# THE PROBLEM
Transcribe exactly, please, the lines from the one containing "Miniatura 9 de" through the end of the records below, and leave out the pictures.
────────────────
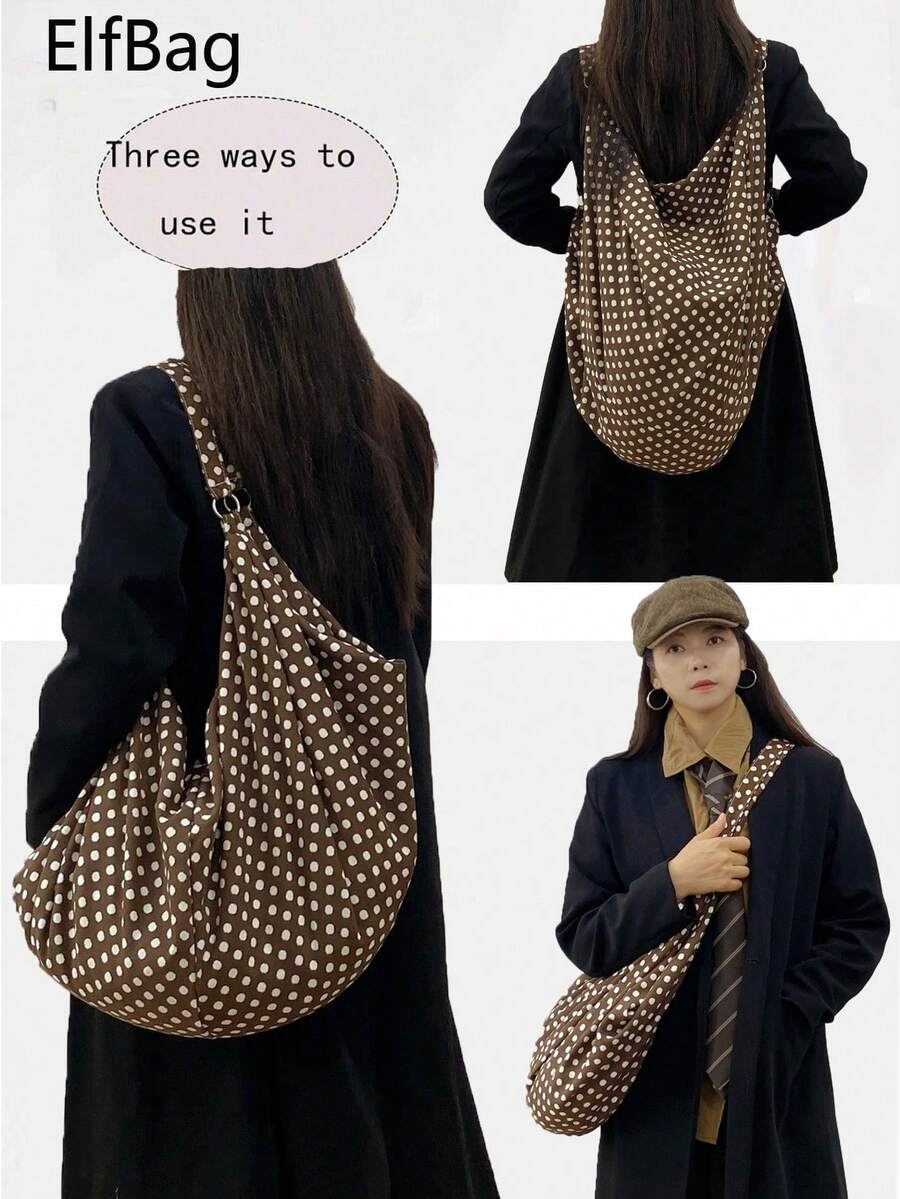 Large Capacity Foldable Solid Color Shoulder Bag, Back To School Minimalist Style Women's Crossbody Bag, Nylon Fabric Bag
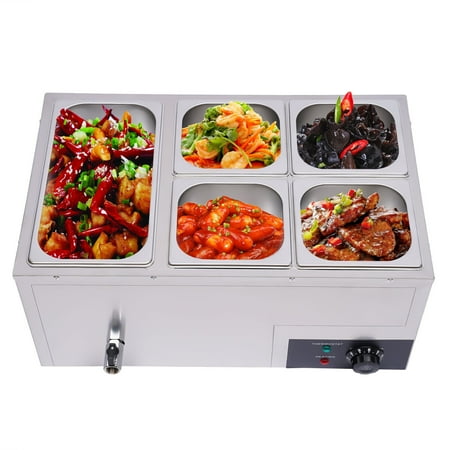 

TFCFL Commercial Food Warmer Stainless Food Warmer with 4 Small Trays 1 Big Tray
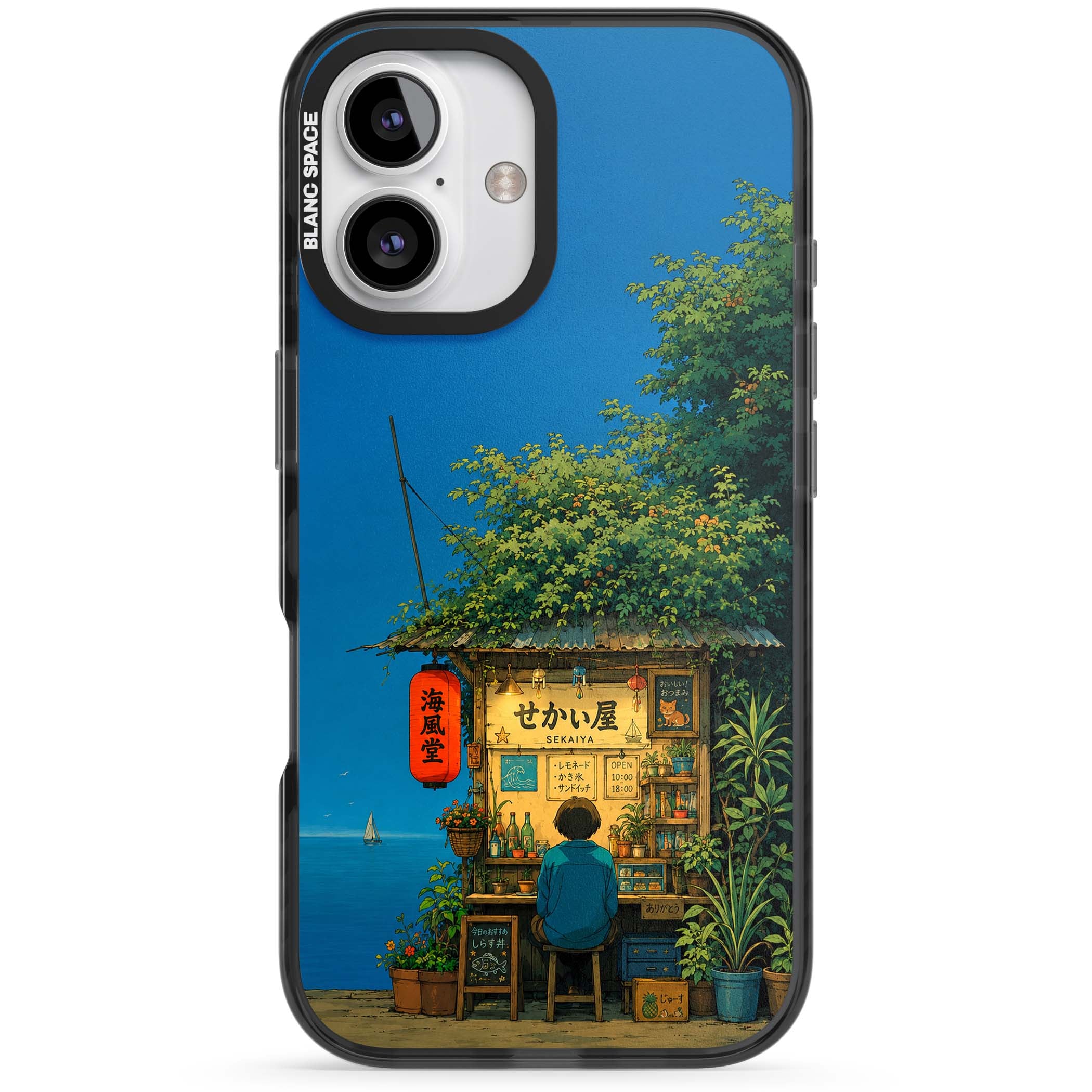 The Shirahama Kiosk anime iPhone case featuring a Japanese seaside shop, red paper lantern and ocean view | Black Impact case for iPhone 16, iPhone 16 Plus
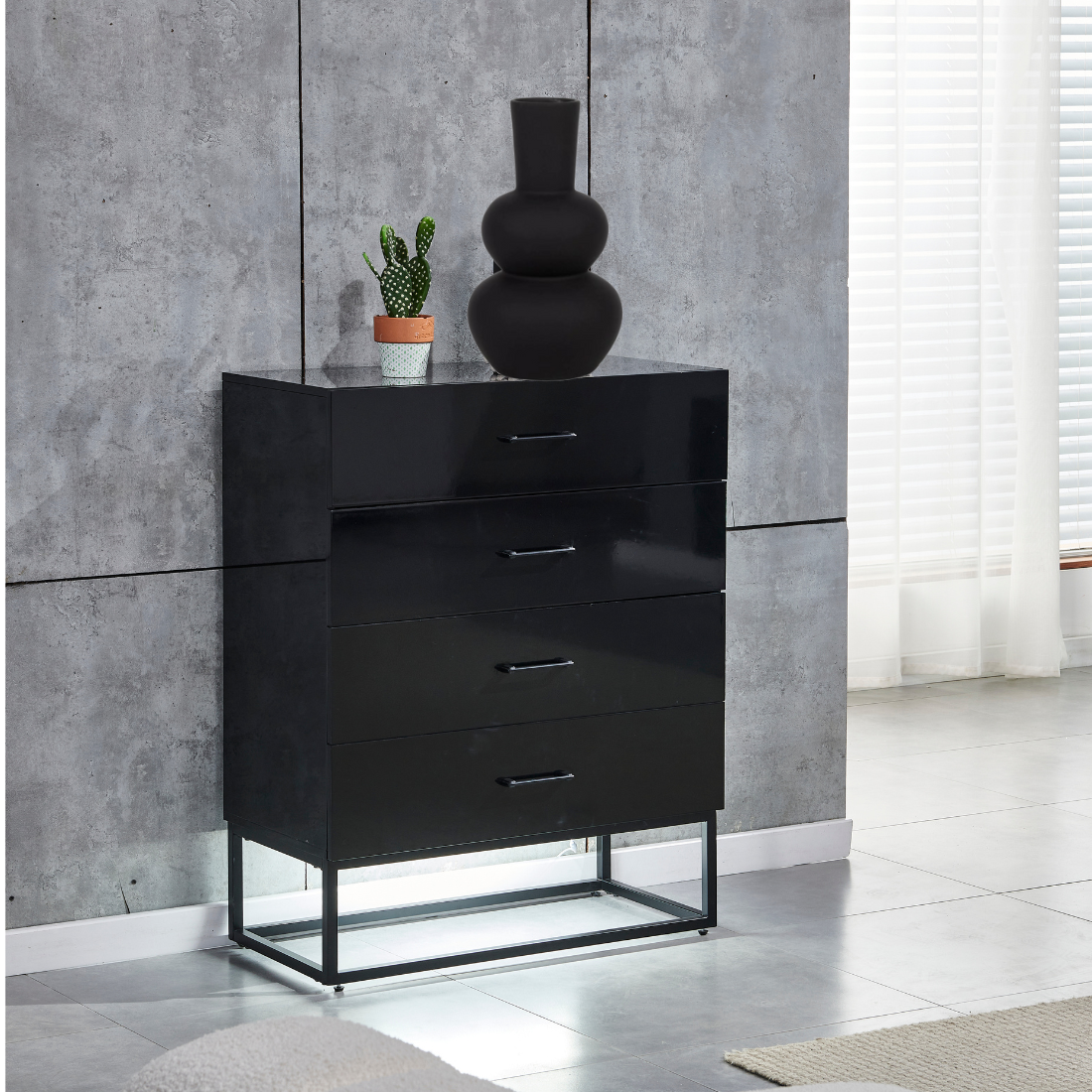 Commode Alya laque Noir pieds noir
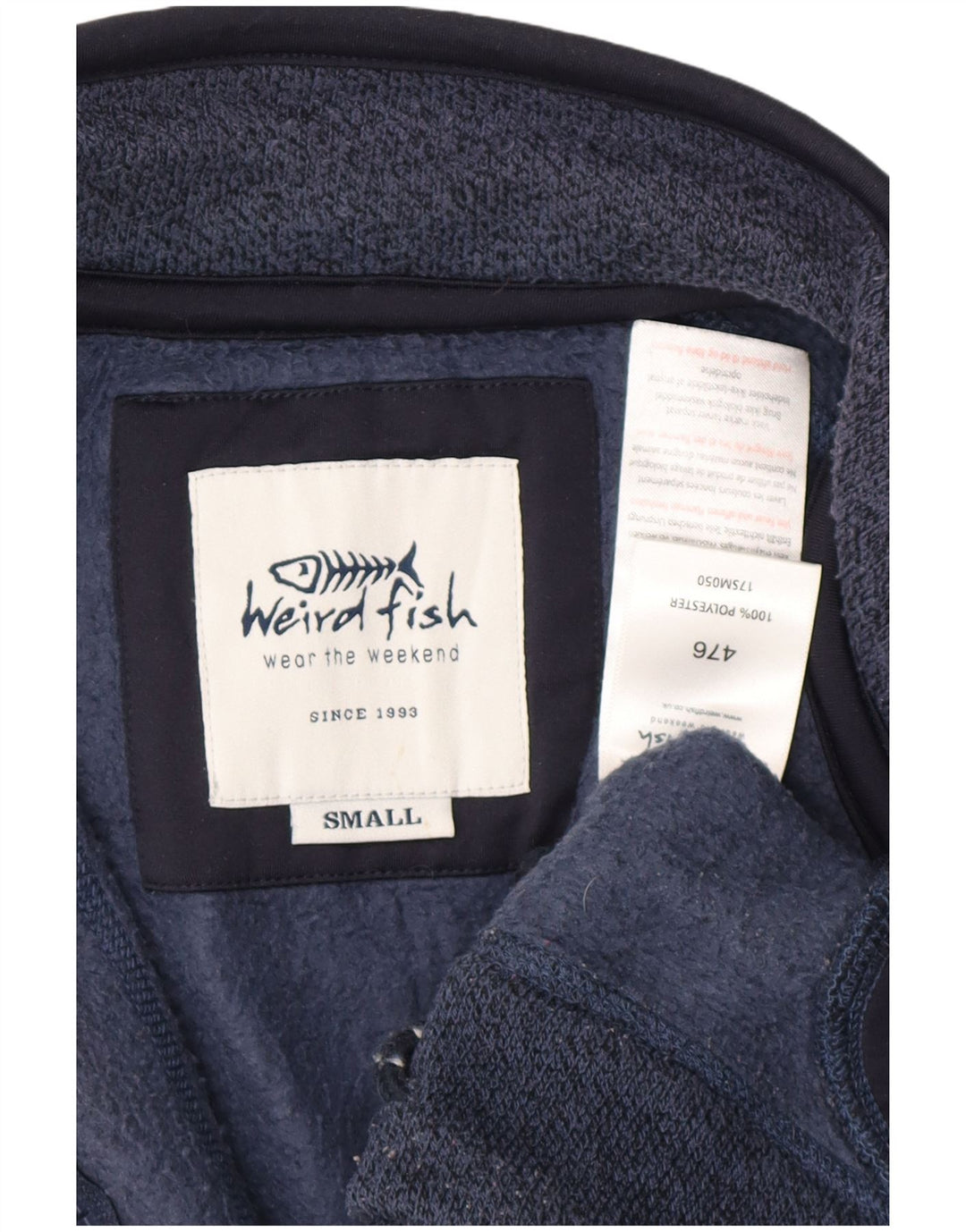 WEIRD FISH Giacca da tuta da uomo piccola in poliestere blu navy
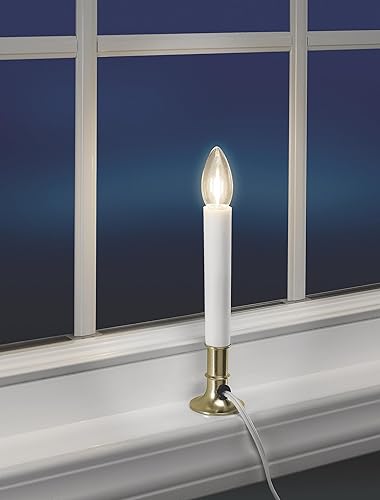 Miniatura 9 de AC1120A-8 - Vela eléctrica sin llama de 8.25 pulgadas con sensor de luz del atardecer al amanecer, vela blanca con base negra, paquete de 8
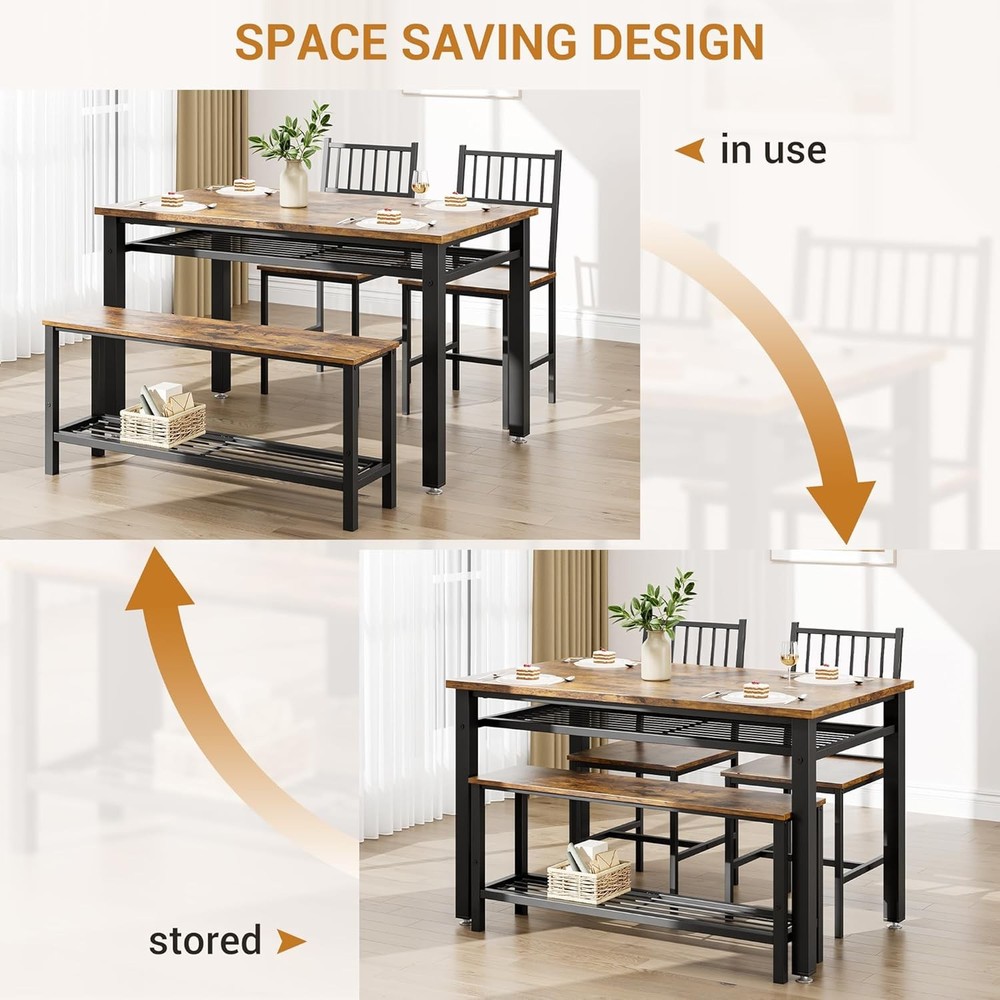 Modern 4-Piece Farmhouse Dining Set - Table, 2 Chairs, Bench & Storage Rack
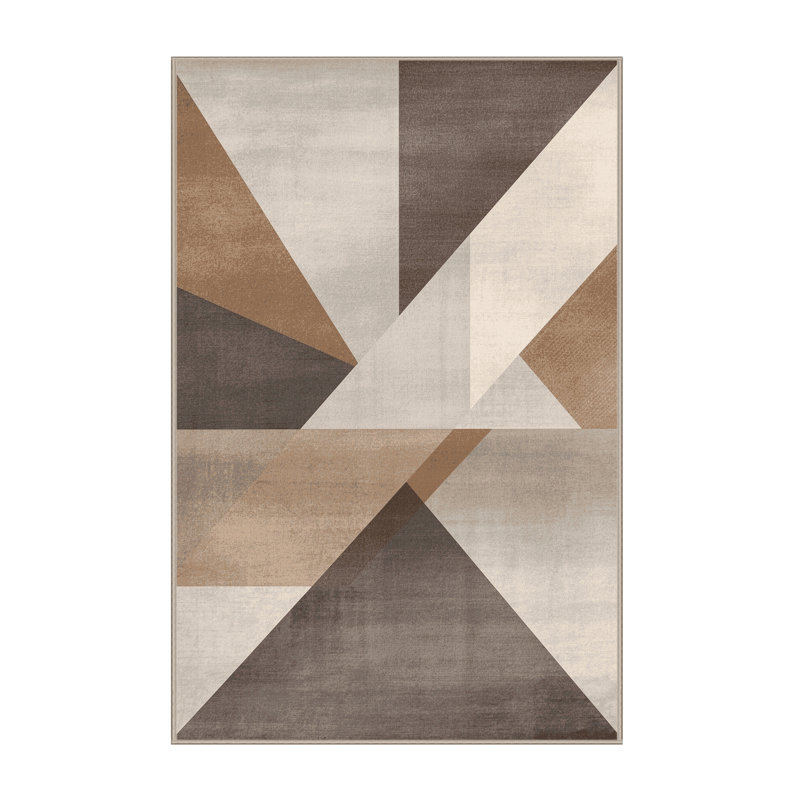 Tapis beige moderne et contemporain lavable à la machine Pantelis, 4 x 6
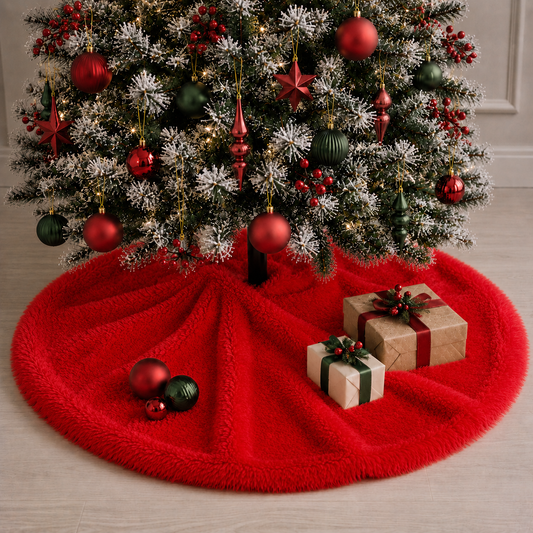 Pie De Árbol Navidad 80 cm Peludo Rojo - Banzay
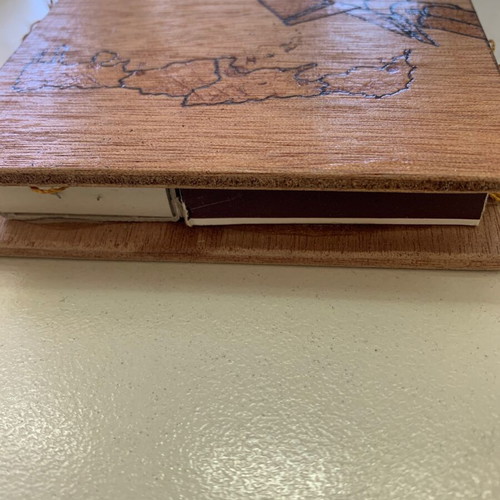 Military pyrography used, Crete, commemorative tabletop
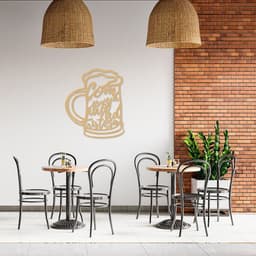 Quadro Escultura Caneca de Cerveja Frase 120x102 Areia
────────────────
# RESULT
 Miniatura 9 de AC1120A-8 - Vela eléctrica sin llama de 8.25 pulgadas con sensor de luz del atardecer al amanecer, vela blanca con base negra, paquete de 8
 Modern 4-Piece Farmhouse Dining Set - Table, 2 Chairs, Bench & Storage Rack
 Tapis beige moderne et contemporain lavable à la machine Pantelis, 4 x 6
 Pie De Árbol Navidad 80 cm Peludo Rojo - Banzay
 Military pyrography used, Crete, commemorative tabletop
 Quadro Escultura Caneca de Cerveja Frase 120x102 Areia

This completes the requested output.